All the entries need to be quoted exactly, apart from the pictures, which you should drop.

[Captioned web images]
▬▬▬▬▬▬▬▬▬▬
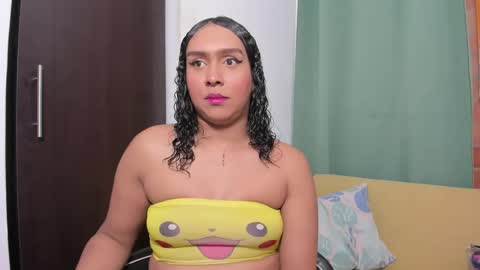 Snapshot of venus_speer chatting on December 17, 2024, 1:38 pm Luisa online show from December 17, 2024, 1:38 pm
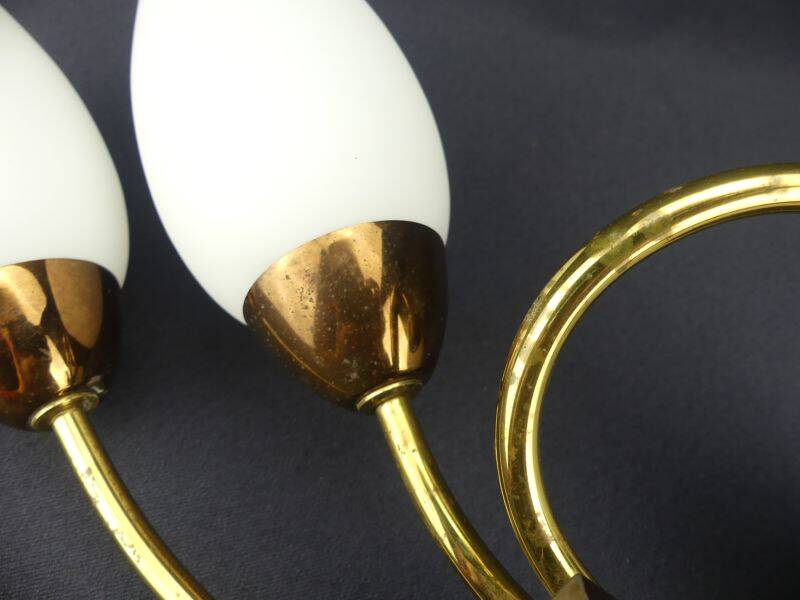Vintage brass wall light with 3 glass tulips.
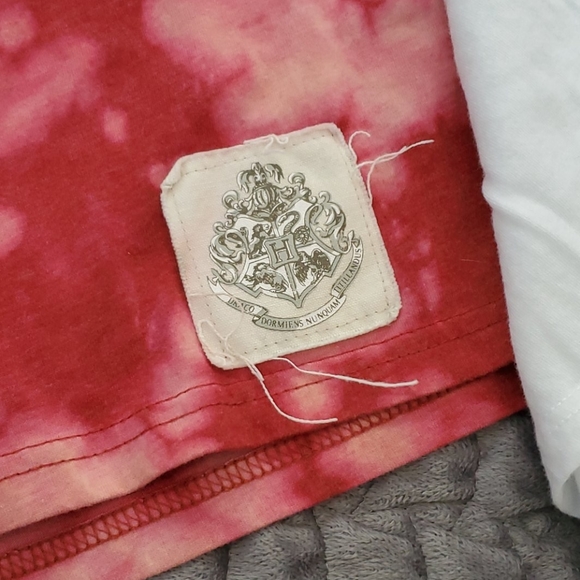 Bundle of Harry Potter shirts - Picture 4 of 7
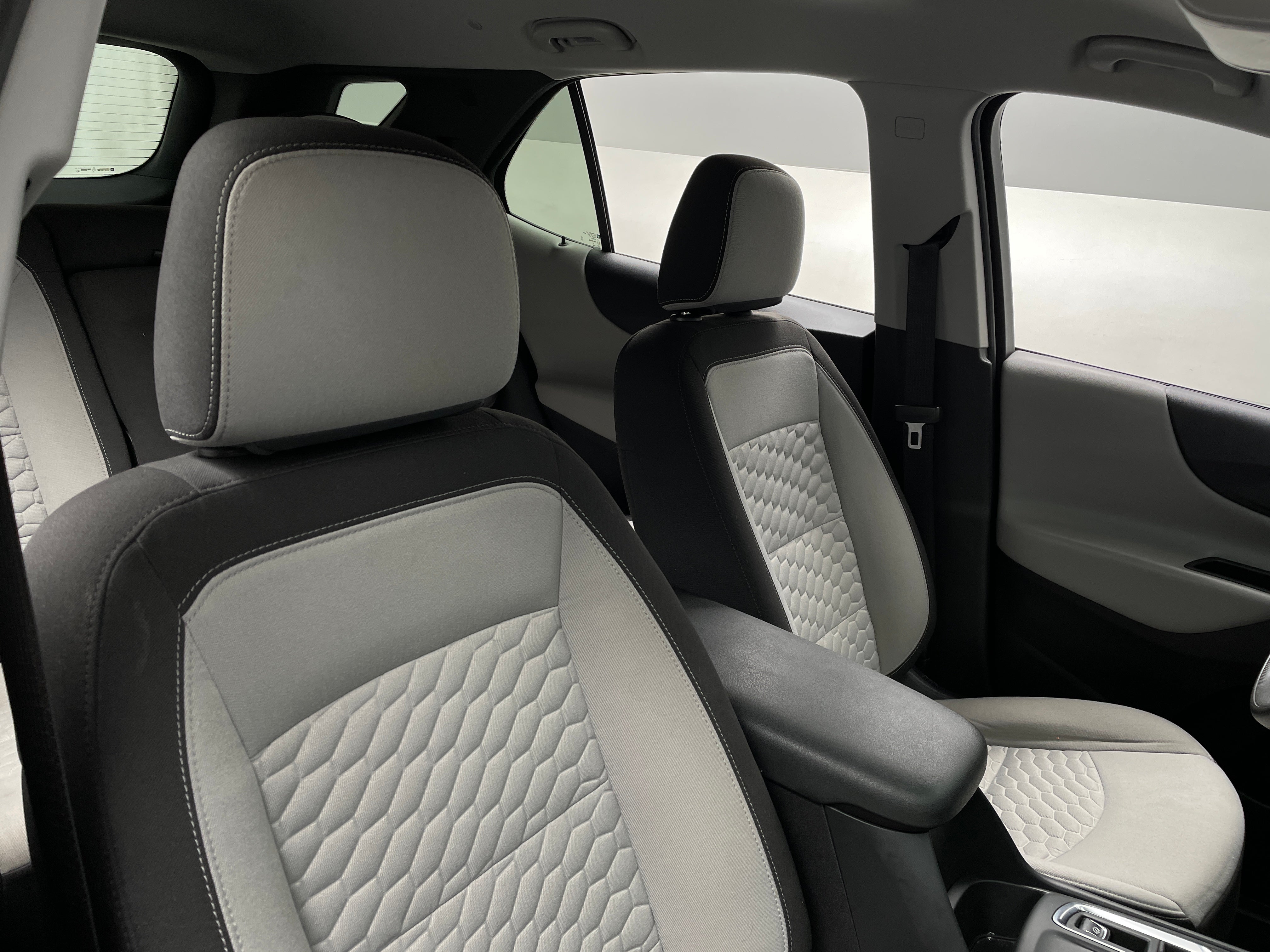 2021 Chevrolet Equinox LT 2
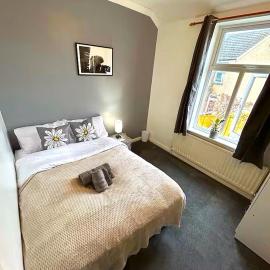 5BR House w Garden Near Stadium、モファットのホテル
▬▬▬▬▬▬▬▬▬▬
- Written response
 Snapshot of venus_speer chatting on December 17, 2024, 1:38 pm Luisa online show from December 17, 2024, 1:38 pm
Vintage brass wall light with 3 glass tulips.
 Bundle of Harry Potter shirts - Picture 4 of 7
 2021 Chevrolet Equinox LT 2
 5BR House w Garden Near Stadium、モファットのホテル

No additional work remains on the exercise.